The ONLY hope is resurrection. If there were no resurrection of Christ, then the cross is a sham. If Christ is not risen then above all men we are the most pitiful. We spend the first half of our lives “getting it all together”, then we spend the next half of life watching it fall apart–especially our bodies. In striving to “hold myself together” I’m building my own image in which there is really no Christ. When I die to my self sustained (illusory) image and realize that I’m falling apart in every way, then a space is made for me to be made into the image of Christ–in exactly the way He imagines me. I recently had an epiphany concerning Ephesians 1:10. From The Message (in the passage Peterson does a much better job than the NIV);
7-10Because of the sacrifice of the Messiah, his blood poured out on the altar of the Cross, we’re a free people—free of penalties and punishments chalked up by all our misdeeds. And not just barely free, either. Abundantly free! He thought of everything, provided for everything we could possibly need, letting us in on the plans he took such delight in making. He set it all out before us in Christ, a long-range plan in which everything would be brought together and summed up in him, everything in deepest heaven, everything on planet earth.
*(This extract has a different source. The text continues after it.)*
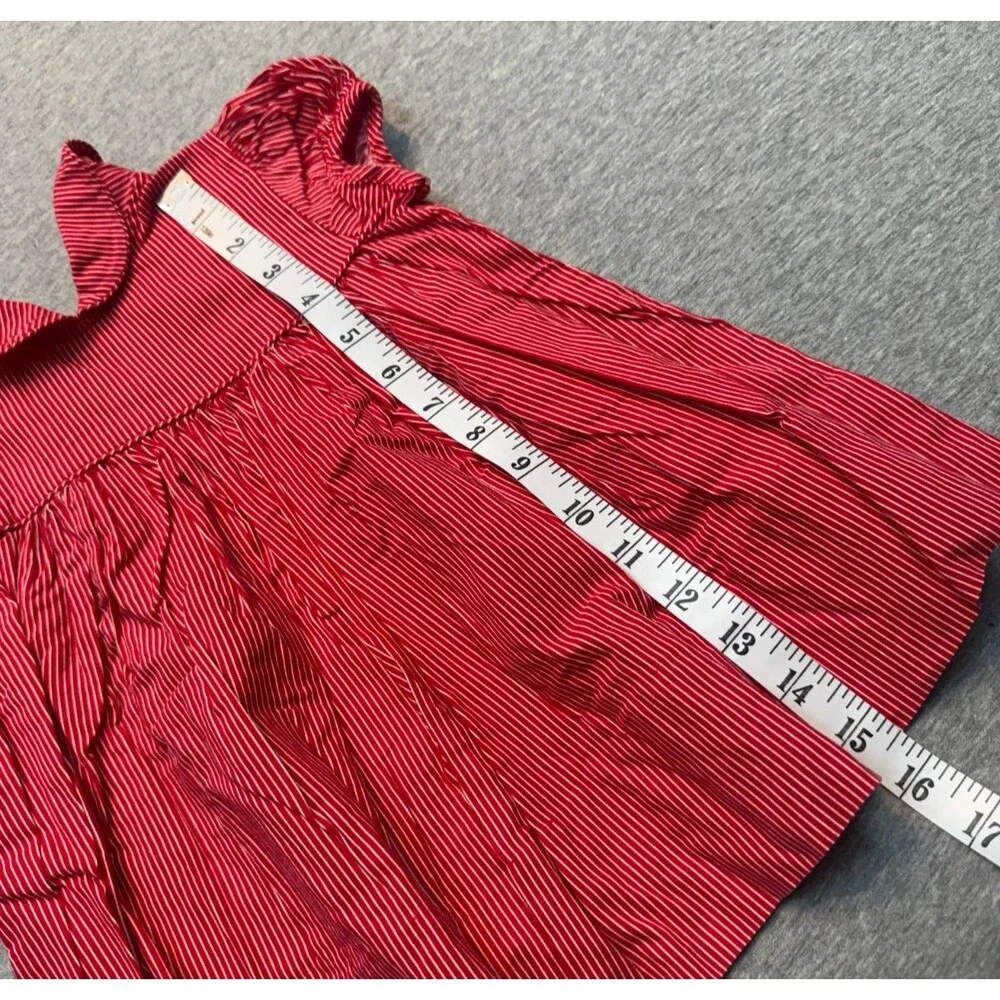 Vintage 80s Clicastro & Co Red Pinstripe Baby Dress Bloomers Set 12-18M USA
“summed up” is ἀνακεφαλαιώσασθαι (aorist verb, middle voice of anakephalaioō). Note that it’s root is kephal, “head” or “source” or “origin” with the prefix ana- which means “again”. An aorist verb in Koine denotes punctiliar action–an action or event which happens at a particular point in time–either past, present, or future. “Middle voice” means that the action is done by the subject; the subject of ἀνακεφαλαιώσασθαι is Christ/God. anakephalaioō means to sum up (again), to repeat summarily, to condense into a summary, briefly comprehend. Jesus has His own “summation” of us; it’s HIS way of “remembering” us; it’s His story of us that He tells in the summing of all things. It isn’t my story about myself that gets told by Christ, but His story about me that is made know to the universe. Because of “therefore there is now no condemnation to those who are in Christ Jesus” when my hoped for/expected-by-faith resurrection occurs Jesus will recall me into life in just the way He has determined (lots of “predestinating” in the older translations of Eph. 1) to remember me. When I bring up my personal memories of failure and corruption I would expect Christ to say something like, “Hmm, that isn’t my memory of you. After all, I’ve made all things new (kainos , new in nature, form, substance). Please, let me describe you from my eternal memory, then after that I’d like you to flounce off with me to the party my Father has prepared for us since before the foundations of the Earth.” If Jesus did not rise to life again, then he was just another Galilean Jew killed by the Romans. The resurrection is the proof to the pudding and our only hope.